Knax Shop Website Localization
May 14, 2015 admin 0 Comments
The first project I worked on was the KNAX Shop Website Localization. KNAX Shop is an online business held by a Dane Jacob Nielsen who sells innovative Danish-designed wall hooks:
The Team:
Jacob lives in France, and he had his website in 3 languages: Danish (the source language), English and French. The CMS he uses is called PrestaShop – this is a free eCommerce solution that now has 230,000 users.
I worked with John Di Rico, Josh Potter and Duncan Young.
In order to manage the project, we used a free cloud-based Project Management tool called Zoho Project.

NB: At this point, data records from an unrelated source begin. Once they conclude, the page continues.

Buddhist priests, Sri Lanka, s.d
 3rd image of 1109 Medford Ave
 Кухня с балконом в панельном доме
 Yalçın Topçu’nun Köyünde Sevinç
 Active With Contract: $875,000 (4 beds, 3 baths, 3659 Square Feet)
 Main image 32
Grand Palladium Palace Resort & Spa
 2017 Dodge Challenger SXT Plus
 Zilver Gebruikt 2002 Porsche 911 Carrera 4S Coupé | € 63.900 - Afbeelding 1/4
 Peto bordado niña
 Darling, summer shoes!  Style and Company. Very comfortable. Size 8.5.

My part included leveraging the old version of the website in order to create a base Translation Memory and glossaries.
Josh did the most challenging part of the project – he extracted the strings from the website in three languages: Danish, English and French.
Then we aligned the file pairs using the Wordfast Anywhere alignment tool and built an EN-DA TM as well as an EN-FR TM.
I was in charge of creating glossaries, and I did some research to find out what the best way is to extract terms from files automatically.
I first used Tilde.com, which is a free cloud-based solution powered by TAAS. But I was not happy with the results as it extracted very few bilingual terms. It is good in extracting monolingual terms, though.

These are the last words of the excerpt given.